Records for the task
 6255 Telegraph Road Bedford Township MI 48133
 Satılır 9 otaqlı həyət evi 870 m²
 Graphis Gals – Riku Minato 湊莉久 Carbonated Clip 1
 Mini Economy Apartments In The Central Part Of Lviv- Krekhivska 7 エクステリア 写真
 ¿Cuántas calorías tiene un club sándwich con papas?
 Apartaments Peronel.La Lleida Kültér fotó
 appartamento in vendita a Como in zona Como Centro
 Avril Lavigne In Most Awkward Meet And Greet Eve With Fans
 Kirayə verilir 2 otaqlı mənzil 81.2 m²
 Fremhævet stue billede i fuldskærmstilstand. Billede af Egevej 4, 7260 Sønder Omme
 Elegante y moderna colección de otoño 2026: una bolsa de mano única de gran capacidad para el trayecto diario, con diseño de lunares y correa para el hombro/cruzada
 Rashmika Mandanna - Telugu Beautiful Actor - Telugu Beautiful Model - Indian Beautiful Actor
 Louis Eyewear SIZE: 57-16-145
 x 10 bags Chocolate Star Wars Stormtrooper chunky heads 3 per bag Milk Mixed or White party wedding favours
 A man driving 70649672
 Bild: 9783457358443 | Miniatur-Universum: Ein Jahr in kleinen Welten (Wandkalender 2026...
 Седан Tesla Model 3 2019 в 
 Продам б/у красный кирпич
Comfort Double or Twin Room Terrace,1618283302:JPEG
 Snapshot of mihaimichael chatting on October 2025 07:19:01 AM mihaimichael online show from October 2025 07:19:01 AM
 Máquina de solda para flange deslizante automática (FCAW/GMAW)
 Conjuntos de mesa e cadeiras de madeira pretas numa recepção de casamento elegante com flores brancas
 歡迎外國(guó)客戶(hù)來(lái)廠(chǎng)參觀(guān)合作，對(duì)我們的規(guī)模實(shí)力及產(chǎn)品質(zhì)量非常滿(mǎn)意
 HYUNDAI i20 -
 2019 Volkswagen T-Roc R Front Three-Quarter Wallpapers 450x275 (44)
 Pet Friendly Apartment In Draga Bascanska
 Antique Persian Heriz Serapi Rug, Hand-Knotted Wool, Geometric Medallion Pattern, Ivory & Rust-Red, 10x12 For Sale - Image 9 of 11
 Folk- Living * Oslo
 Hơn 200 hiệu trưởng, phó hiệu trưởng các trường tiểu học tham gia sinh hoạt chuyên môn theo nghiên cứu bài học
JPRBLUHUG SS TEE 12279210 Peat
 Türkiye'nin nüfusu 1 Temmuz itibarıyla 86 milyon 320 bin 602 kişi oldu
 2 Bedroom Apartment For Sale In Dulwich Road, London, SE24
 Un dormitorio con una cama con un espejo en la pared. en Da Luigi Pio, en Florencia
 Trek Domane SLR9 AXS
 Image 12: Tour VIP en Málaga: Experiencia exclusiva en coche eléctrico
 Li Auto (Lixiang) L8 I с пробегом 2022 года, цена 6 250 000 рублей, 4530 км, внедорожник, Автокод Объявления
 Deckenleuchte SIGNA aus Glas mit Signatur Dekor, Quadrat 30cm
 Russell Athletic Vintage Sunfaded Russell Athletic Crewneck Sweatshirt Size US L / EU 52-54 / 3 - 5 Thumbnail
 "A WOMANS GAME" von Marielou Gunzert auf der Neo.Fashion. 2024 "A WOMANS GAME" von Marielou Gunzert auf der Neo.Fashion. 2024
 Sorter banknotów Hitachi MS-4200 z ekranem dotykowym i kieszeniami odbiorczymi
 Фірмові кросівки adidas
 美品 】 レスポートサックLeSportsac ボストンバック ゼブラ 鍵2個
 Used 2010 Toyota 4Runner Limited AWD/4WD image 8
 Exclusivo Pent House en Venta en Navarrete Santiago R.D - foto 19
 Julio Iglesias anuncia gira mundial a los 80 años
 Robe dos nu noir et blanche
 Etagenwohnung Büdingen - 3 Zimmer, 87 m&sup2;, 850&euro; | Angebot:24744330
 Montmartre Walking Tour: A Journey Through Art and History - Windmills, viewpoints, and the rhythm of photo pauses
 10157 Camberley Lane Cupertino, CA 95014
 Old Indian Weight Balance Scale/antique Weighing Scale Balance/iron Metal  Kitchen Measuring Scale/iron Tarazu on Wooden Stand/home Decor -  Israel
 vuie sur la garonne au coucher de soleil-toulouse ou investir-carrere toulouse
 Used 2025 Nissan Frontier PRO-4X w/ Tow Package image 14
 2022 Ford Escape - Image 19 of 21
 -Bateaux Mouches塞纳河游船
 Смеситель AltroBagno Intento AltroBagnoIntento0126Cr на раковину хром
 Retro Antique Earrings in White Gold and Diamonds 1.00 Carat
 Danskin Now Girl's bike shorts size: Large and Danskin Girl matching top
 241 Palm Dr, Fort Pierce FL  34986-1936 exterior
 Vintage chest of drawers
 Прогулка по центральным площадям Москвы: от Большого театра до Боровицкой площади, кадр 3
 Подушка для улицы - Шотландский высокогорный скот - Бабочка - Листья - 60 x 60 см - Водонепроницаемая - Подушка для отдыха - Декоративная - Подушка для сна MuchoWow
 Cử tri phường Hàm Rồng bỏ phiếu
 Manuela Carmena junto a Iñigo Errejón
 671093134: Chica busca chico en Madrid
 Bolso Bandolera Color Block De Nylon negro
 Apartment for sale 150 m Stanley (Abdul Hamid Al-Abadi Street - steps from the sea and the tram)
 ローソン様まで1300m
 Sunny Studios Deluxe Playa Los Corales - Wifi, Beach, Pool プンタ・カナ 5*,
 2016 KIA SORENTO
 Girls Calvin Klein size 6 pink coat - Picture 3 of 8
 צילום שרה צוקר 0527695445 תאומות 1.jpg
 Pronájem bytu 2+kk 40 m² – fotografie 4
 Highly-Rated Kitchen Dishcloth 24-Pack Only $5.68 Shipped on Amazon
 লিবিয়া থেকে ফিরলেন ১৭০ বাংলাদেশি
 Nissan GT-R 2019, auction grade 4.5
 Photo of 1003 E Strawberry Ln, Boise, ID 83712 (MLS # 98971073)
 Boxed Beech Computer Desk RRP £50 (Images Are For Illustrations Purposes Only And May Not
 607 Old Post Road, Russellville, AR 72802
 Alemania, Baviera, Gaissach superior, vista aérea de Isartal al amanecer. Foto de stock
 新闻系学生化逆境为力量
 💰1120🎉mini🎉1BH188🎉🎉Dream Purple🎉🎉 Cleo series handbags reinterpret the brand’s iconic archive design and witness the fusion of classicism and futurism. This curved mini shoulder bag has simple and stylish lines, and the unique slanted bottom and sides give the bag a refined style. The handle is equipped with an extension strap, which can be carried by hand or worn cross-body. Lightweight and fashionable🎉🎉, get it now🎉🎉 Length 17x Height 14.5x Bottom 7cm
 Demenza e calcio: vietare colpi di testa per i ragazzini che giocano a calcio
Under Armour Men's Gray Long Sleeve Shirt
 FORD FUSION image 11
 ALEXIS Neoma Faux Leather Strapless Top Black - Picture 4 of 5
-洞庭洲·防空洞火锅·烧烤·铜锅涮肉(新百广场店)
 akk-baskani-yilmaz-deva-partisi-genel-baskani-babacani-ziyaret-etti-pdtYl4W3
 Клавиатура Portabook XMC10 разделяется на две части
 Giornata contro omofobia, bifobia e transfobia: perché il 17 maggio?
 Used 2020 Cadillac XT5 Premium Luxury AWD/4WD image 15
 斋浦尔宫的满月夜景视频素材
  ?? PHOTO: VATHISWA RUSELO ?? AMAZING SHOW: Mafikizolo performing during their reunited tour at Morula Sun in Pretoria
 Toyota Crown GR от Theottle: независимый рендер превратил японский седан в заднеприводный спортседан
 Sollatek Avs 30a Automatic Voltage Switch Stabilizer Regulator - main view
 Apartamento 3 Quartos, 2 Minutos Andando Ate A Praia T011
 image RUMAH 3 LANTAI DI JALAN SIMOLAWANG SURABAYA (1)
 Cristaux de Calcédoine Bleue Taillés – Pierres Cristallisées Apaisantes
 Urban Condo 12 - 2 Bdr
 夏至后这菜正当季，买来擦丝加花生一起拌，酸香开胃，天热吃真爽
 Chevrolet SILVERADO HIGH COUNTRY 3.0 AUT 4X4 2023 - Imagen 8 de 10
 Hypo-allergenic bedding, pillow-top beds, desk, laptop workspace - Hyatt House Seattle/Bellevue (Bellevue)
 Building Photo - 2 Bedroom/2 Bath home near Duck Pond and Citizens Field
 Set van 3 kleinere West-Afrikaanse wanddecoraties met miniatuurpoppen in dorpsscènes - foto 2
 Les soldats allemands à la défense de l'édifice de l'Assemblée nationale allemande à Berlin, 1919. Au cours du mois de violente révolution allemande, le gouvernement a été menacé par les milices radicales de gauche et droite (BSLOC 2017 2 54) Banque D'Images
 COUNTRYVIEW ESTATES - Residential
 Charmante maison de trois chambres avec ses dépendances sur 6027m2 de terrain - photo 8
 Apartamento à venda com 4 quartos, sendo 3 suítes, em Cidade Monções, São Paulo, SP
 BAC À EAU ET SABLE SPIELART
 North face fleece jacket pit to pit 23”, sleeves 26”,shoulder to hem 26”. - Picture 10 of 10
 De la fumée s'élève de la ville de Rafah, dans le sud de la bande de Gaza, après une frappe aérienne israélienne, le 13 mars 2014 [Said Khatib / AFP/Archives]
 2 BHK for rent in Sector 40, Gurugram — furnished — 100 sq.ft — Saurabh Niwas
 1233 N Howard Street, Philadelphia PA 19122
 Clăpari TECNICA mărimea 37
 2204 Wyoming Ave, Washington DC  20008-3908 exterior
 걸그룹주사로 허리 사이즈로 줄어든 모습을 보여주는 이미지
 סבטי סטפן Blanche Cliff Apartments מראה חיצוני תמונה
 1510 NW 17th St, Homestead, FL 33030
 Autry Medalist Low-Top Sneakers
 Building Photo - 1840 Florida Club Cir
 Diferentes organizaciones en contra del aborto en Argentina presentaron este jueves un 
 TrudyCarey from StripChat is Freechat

Task brief
In the listing above, locate the line containing "Подушка для улицы" and the line containing "Nissan GT-R 2019, auction grade 4.5". Extract those two lines and every line between them, exactly as written, and only those.

Result of the task
 Подушка для улицы - Шотландский высокогорный скот - Бабочка - Листья - 60 x 60 см - Водонепроницаемая - Подушка для отдыха - Декоративная - Подушка для сна MuchoWow
 Cử tri phường Hàm Rồng bỏ phiếu
 Manuela Carmena junto a Iñigo Errejón
 671093134: Chica busca chico en Madrid
 Bolso Bandolera Color Block De Nylon negro
 Apartment for sale 150 m Stanley (Abdul Hamid Al-Abadi Street - steps from the sea and the tram)
 ローソン様まで1300m
 Sunny Studios Deluxe Playa Los Corales - Wifi, Beach, Pool プンタ・カナ 5*,
 2016 KIA SORENTO
 Girls Calvin Klein size 6 pink coat - Picture 3 of 8
 צילום שרה צוקר 0527695445 תאומות 1.jpg
 Pronájem bytu 2+kk 40 m² – fotografie 4
 Highly-Rated Kitchen Dishcloth 24-Pack Only $5.68 Shipped on Amazon
 লিবিয়া থেকে ফিরলেন ১৭০ বাংলাদেশি
 Nissan GT-R 2019, auction grade 4.5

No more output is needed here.